- [REQUIRED ACTION]
Leave the images out and repeat the data exactly as given.

- [DATA]
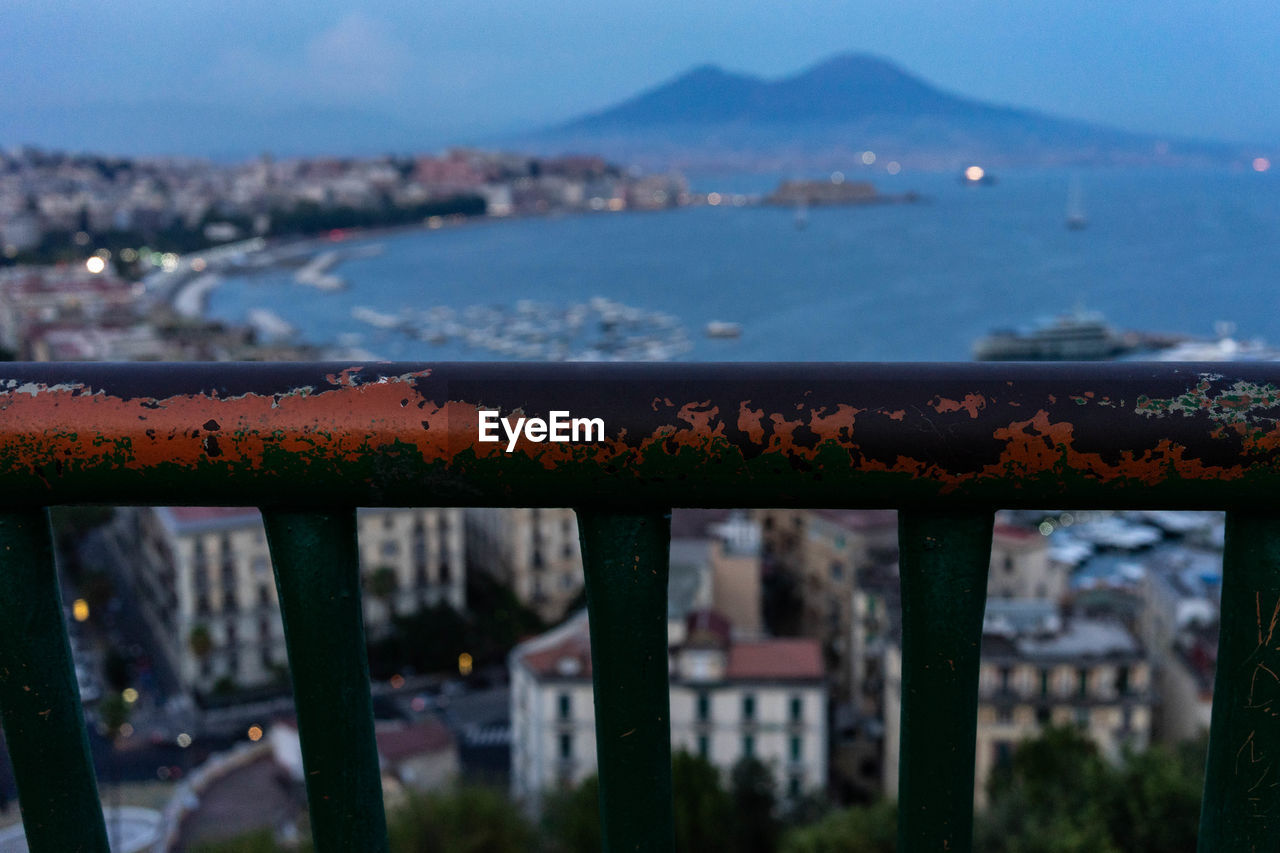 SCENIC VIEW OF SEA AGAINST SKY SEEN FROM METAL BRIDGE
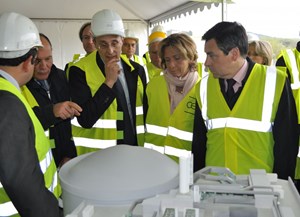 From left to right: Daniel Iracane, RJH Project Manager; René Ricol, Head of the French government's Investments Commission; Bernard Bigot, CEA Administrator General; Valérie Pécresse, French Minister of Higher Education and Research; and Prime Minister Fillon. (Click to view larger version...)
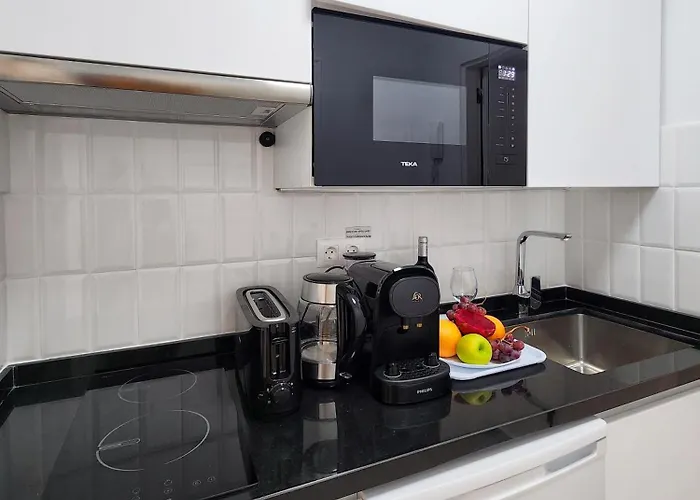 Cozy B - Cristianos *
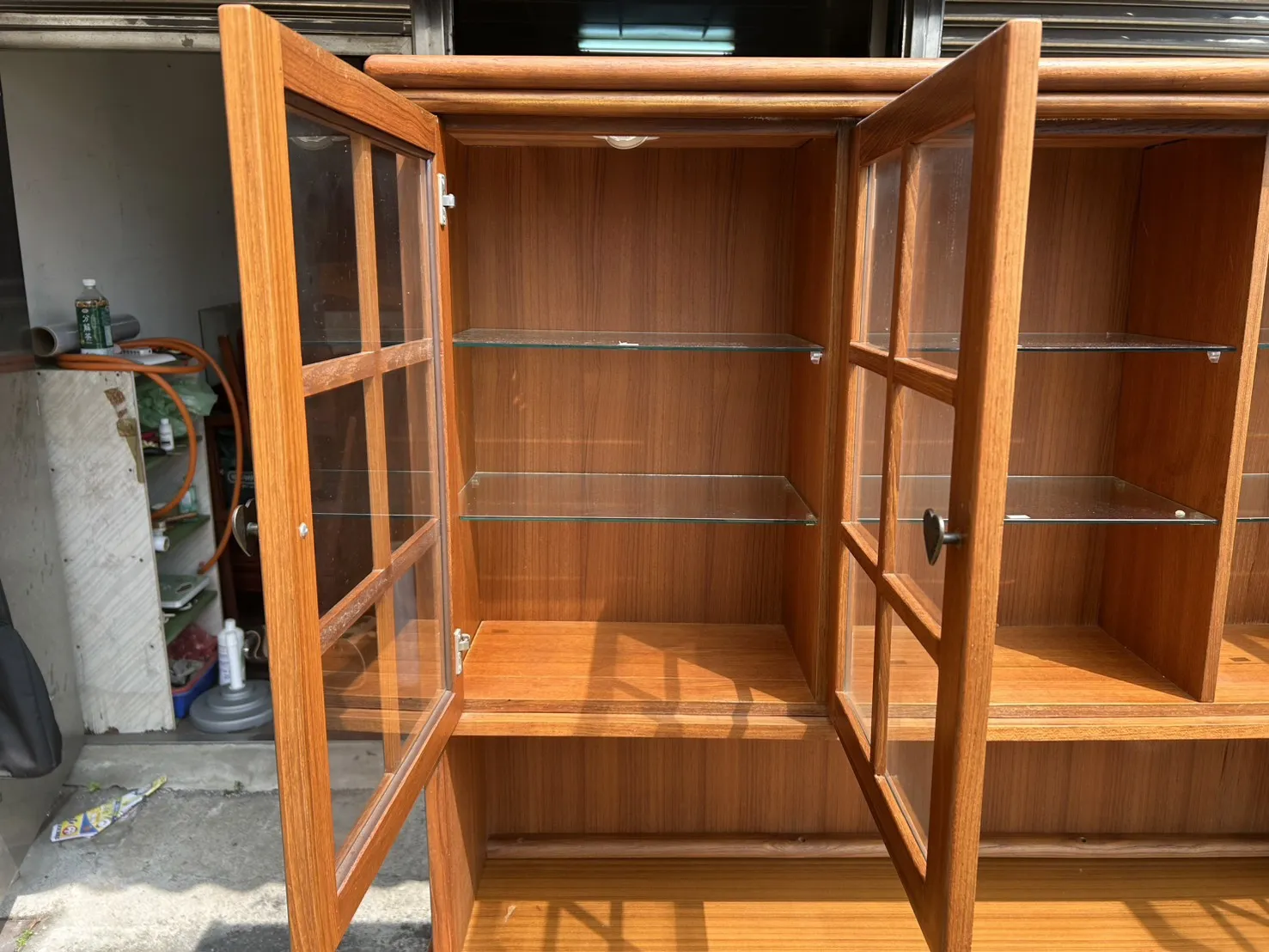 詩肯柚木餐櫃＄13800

- [ANSWER TO THE EXERCISE]
 SCENIC VIEW OF SEA AGAINST SKY SEEN FROM METAL BRIDGE
 From left to right: Daniel Iracane, RJH Project Manager; René Ricol, Head of the French government's Investments Commission; Bernard Bigot, CEA Administrator General; Valérie Pécresse, French Minister of Higher Education and Research; and Prime Minister Fillon. (Click to view larger version...)
 Cozy B - Cristianos *
 詩肯柚木餐櫃＄13800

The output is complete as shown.